Scena terza

Conte Leandro di casa di Lisaura ed Eugenio.

LEANDRO Signor Eugenio, questi sono i vostri denari; eccoli qui tutti in questa borsa; se volete che ve gli renda, andiamo.

EUGENIO Son troppo sfortunato, non giuoco più.

LEANDRO Dice il proverbio: una volta corre il cane, e l'altra la lepre.

EUGENIO Ma io sono sempre la lepre, e voi sempre il cane.

LEANDRO Ho un sonno che non ci vedo. Son sicuro di non poter tenere le carte in mano; eppure per questo maledetto vizio non m'importa di perdere, purché giuochi.

EUGENIO Anch'io ho sonno. Oggi non giuoco certo.

LEANDRO Se non avete denari, non importa, io vi credo.

EUGENIO Credete, che sia senza denari? Questi sono zecchini; ma non voglio giuocare. (mostra la borsa con i dieci zecchini)

LEANDRO Giuochiamo almeno una cioccolata.
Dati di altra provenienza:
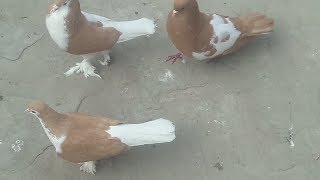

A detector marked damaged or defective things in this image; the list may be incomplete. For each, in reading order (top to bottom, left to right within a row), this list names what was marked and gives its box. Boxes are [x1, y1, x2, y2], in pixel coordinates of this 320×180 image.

crack in concrete [0, 33, 45, 61]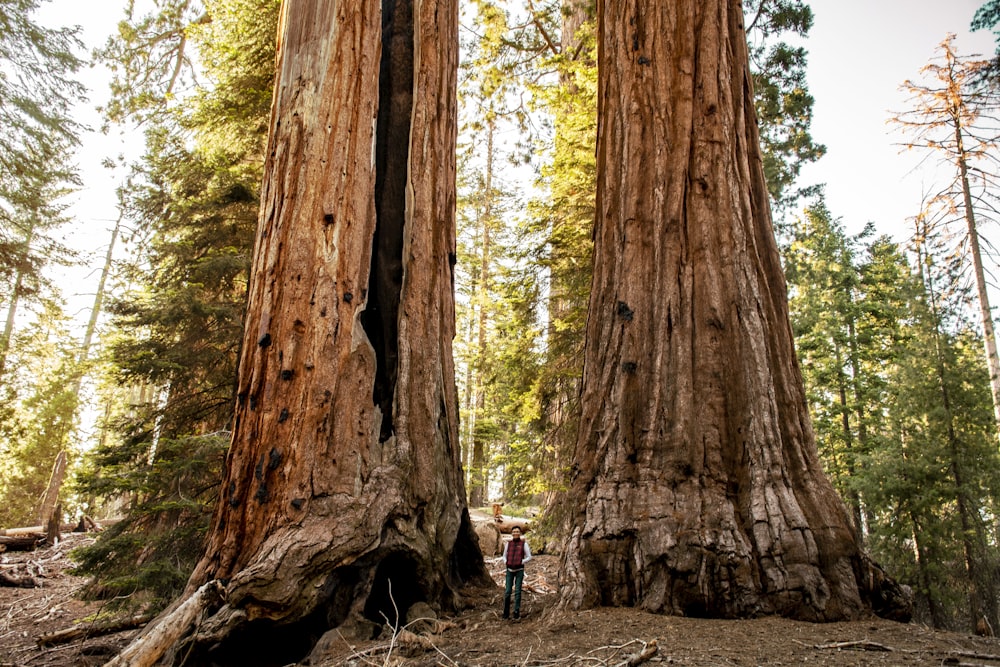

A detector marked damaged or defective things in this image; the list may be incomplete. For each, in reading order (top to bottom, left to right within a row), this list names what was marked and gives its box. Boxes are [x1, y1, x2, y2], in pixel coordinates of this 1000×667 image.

EUGENIO Non ne ho volontà.

LEANDRO Una cioccolata per servizio.

EUGENIO Ma se vi dico...

LEANDRO Una cioccolata sola sola, e chi parla di giuocar di più perda un ducato.

EUGENIO Via, per una cioccolata, andiamo. (da sé) (Già. Ridolfo non mi vede.)

LEANDRO (Il merlotto è nella rete.) (entra con Eugenio nella bottega del giuoco)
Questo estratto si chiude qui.